The official budget report as of 1 January 2024 states that 1.3 trillion tenge was paid in 2023 to the budget as “dividends from state-owned shares,” without disclosing the breakdown of these dividends.
This amount significantly exceeds the initial plan for 2023 (211 billion tenge) and the actual result for 2022 (223 billion tenge). The budget received the 1.3 trillion tenge as dividends from the Samruk-Kazyna and Baiterek holding companies, as well as other national companies.
Temirbekov of the ministry of finance said that the entirety of the proceeds from the sale of KMG shares were transferred by Samruk-Kazyna to the budget. Samruk-Kazyna confirmed this statement to Kursiv, clarifying that it also paid taxes on the proceeds. The fund also confirmed that this money is classified as “dividends from state-owned shares.”

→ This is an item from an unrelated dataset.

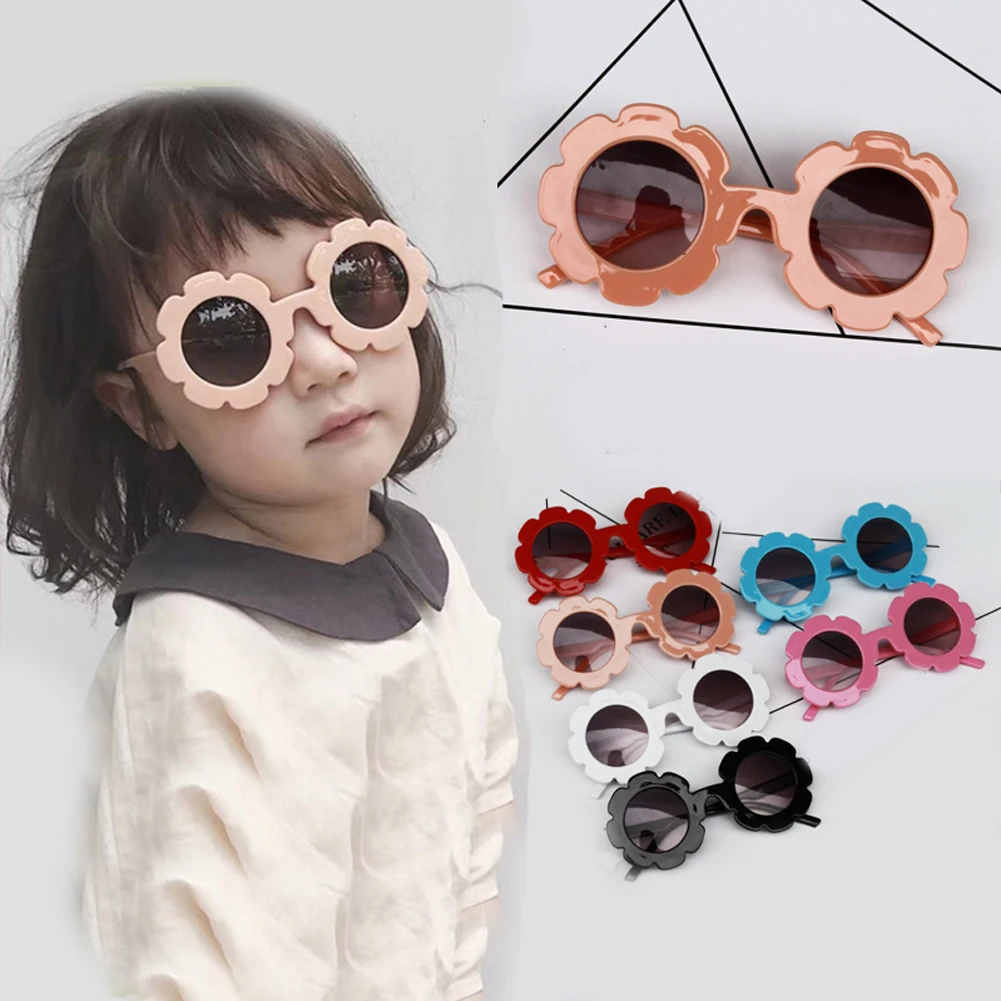 New Lovely Protection Sun Glasses Toddlers Boys Kids Shades Flowers Adorable Cute Plastic Made Sunglasses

Since proceeds from the sale of KMG shares are combined with actual corporate dividends, it is impossible to understand the exact structure of the 1.3 trillion so-called “dividends” paid to the state, notes Sholpan Aitenova, director of the Zertteu Research Institute.
Therefore, we asked KMG, Samruk-Kazyna and the ministry of finance to provide a more precise breakdown of dividends to transparently show how income from the sale of KMG shares is accounted for.
While we wait for their answers, it is possible to highlight that the practice of direct purchase of KMG shares via the National Fund could be a symptom of another systemic problem.
Analysts from the Applied Economics Research Center (AERC) argue that by resorting to “easy” withdrawals from the National Fund, the government avoids building a balanced fiscal policy and public debt management strategy.
In his message to the people of Kazakhstan, President Tokayev said that one of the top priorities should be the resolution of the infrastructure crisis. Against this background, government spending is poised to increase, therefore widening the budget deficit.
According to the law regulating the 2024 budget law, expenditures will grow by around 8% compared to last year, to 23.3 trillion tenge. AERC expects the budget deficit to be 6.4 trillion tenge, or 5.5%, in 2024.
The National Fund's assets already cover more than 23% of the republican budget expenditures. Maintaining this trend would threaten the Fund’s assets, which would also go against the goal of increasing their volume to $100 billion by 2030, as Tokayev demanded from the government.